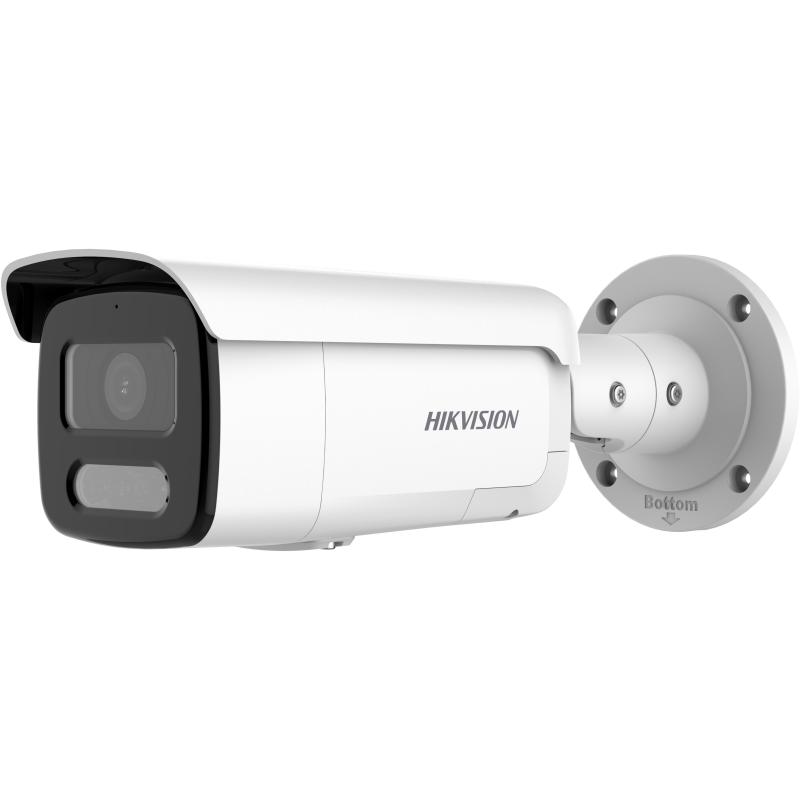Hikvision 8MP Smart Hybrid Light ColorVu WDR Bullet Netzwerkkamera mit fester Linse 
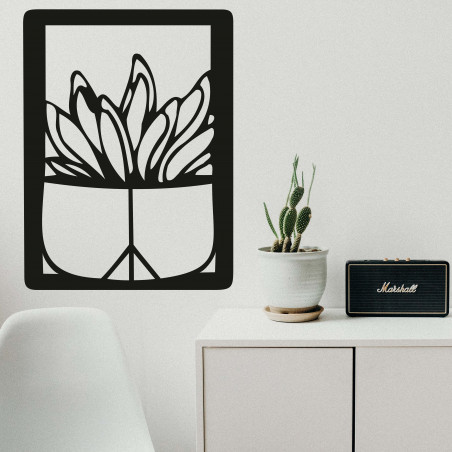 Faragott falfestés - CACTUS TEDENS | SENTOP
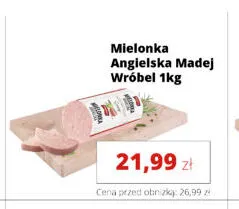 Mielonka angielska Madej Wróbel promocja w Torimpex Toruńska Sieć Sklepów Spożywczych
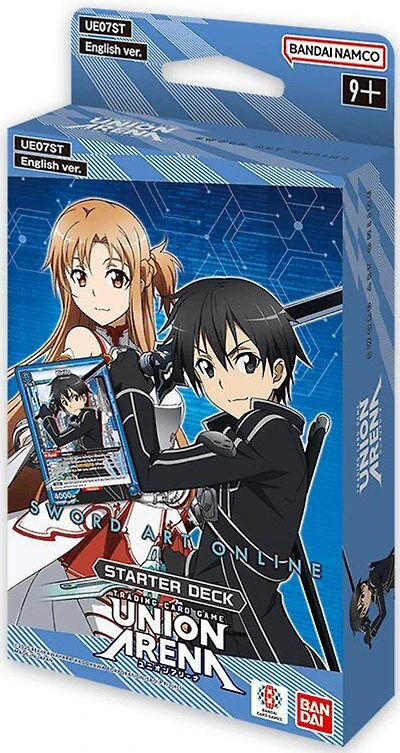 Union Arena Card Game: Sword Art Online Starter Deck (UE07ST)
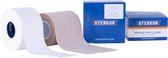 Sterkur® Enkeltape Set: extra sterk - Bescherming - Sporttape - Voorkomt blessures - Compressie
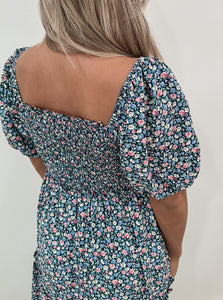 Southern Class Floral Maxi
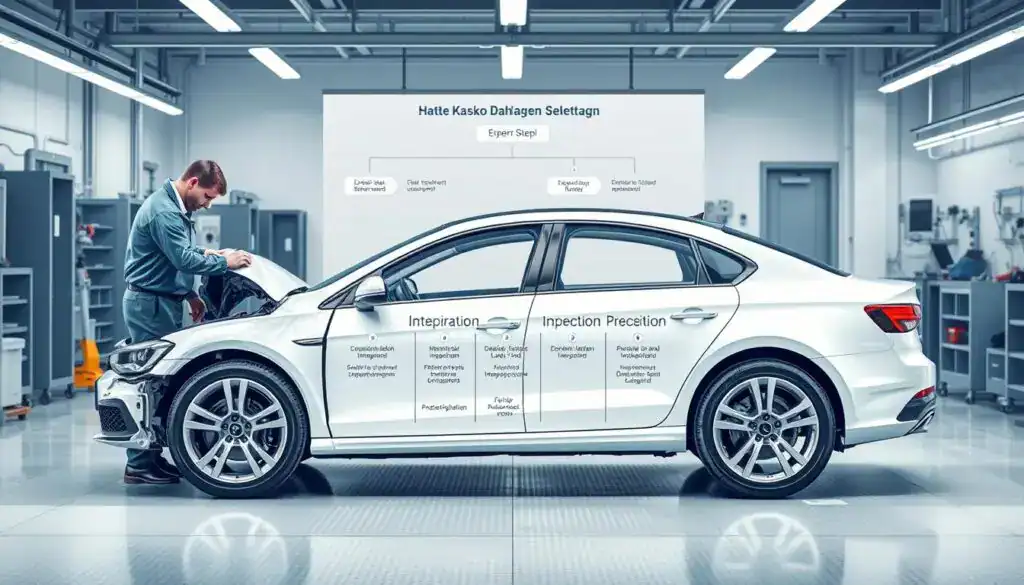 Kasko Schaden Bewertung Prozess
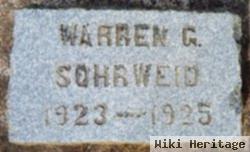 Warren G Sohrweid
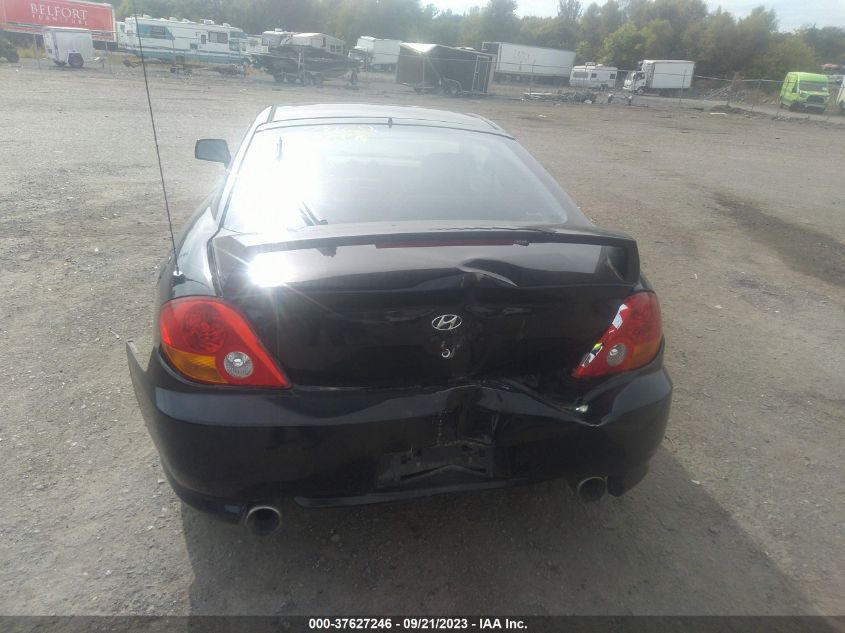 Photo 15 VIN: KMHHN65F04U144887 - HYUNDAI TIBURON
************
> **What is needed**
What you print must match the entries exactly, except that no pictures appear.

> **Answer**
Hikvision 8MP Smart Hybrid Light ColorVu WDR Bullet Netzwerkkamera mit fester Linse 
 Faragott falfestés - CACTUS TEDENS | SENTOP
 Mielonka angielska Madej Wróbel promocja w Torimpex Toruńska Sieć Sklepów Spożywczych
 Union Arena Card Game: Sword Art Online Starter Deck (UE07ST)
 Sterkur® Enkeltape Set: extra sterk - Bescherming - Sporttape - Voorkomt blessures - Compressie
 Southern Class Floral Maxi
 Kasko Schaden Bewertung Prozess
 Warren G Sohrweid
 Photo 15 VIN: KMHHN65F04U144887 - HYUNDAI TIBURON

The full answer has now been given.